Because after this dynamic point, the reactant and product attained equilibrium.

H2 + I2 ⇆ 2HI

If you take some hydrogen iodide in the closed vessel at the same temperature. A faction of hydrogen iodide converted into hydrogen and iodine and the rest of the hydrogen iodide remains unchanged.

2HI ⇆ H2 + I2

But in both the experiment, the amount of hydrogen, iodine, and hydrogen iodide remains unchanged. Therefore this chemical reaction uses for the definition of dynamic equilibrium.

So the equilibrium of the chemical reaction maintains the following criteria

  1. Approachability from both ends
  2. Permanency of the equilibrium
  3. The incompleteness of the reaction
  4. Dynamic equilibrium

Example of Reversible equilibrium

When water added to bismuth chloride, a milky solution appears due to the formation of bismuth oxychloride.

BiCl3 + H2O ⇆ BiOCl + 2HCl

But when hydrochloric acid solution added to this milky solution, the milkiness of the solution disappears. This is the example of the reversible nature of the dynamic equilibrium.

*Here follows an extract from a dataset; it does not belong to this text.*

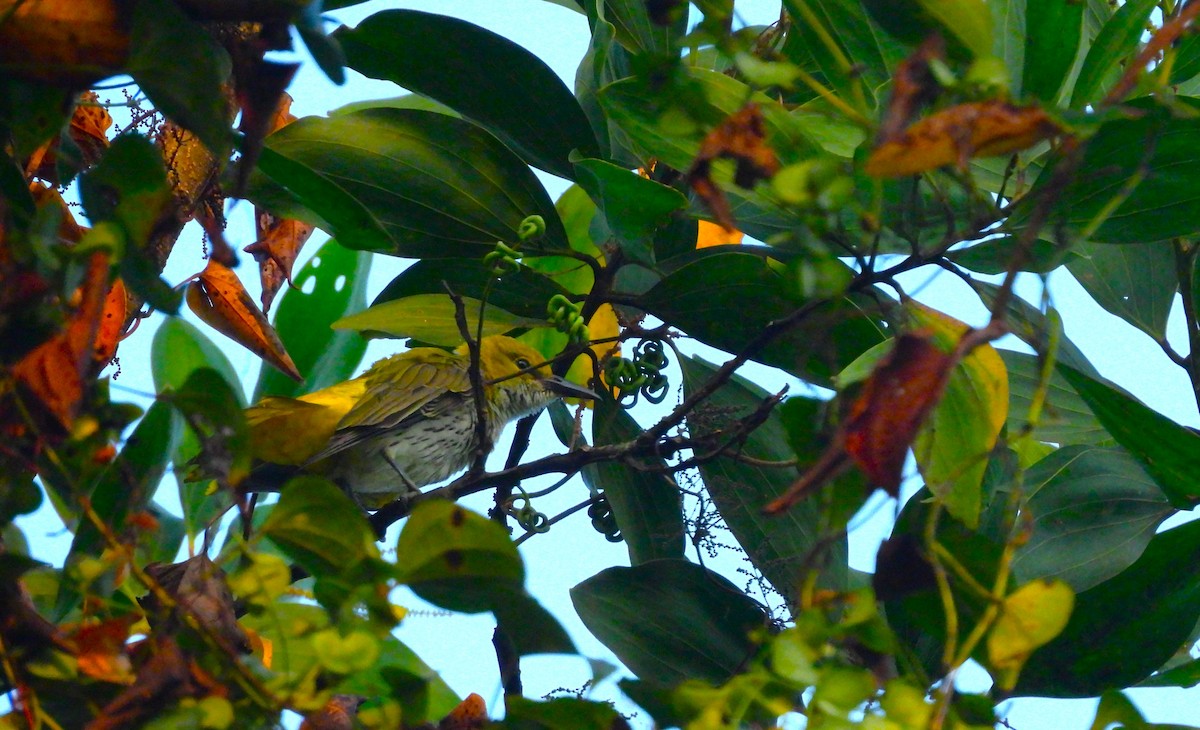 Loriot indien - ML647745853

Energy Change in the Chemical Reaction

How a chemical reaction occurs? This leading question can not be answered in a simple sentence. Because the chemical reaction going through energy changes of components. The two primary factors are responsible for the feasibility of a chemical reaction.

  1. The potential energy of the reacting system must be lowered by the reaction.
  2. Reactants posses potentially to react because they must find a suitable path to react at a participle rate under specific conditions.

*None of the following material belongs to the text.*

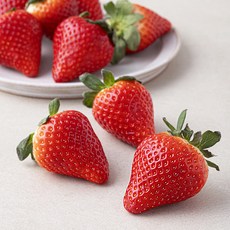 스윗볼 GAP 인증 유러피안 딸기, 500g(특대과), 1팩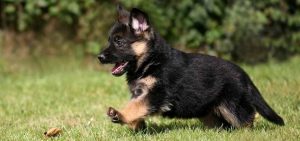 100 German Shepherd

The fast concern with thermodynamic energy and studies under chemical equilibrium but the second one constitutes the study of kinetics.

Heat Change in the Chemical Reaction

At the equilibrium, all reversible chemical reaction, the total thermodynamic heat change is zero.

ΔStotal = ΔSsystem + ΔSsurr

But for all irreversible processes or natural chemical reactions, the value of total entropy increases and greater than zero.

Thus for an irreversible chemical reaction, the total heat change goes to increases and when it reached an equilibrium point, the entropy attains maximum value.

Because at equilibrium, no further reaction takes place or no further possible entropy change occurs. Thus at equilibrium

ΔStotal = 0

Exothermic and Endothermic Reactions

All the natural reaction follow a general trend because they take place in a direction which results in an ultimate decrease in the chemical energy of the universe. Thus the exothermic and endothermic reactions differ by definition as

  1. Exothermic chemical reactions are accompanied by the emission of energy.
  2. But endothermic chemical reactions are accompanied by the absorption of energies.

Many exothermic reactions are reversible thus, the reverse process must be endothermic in nature.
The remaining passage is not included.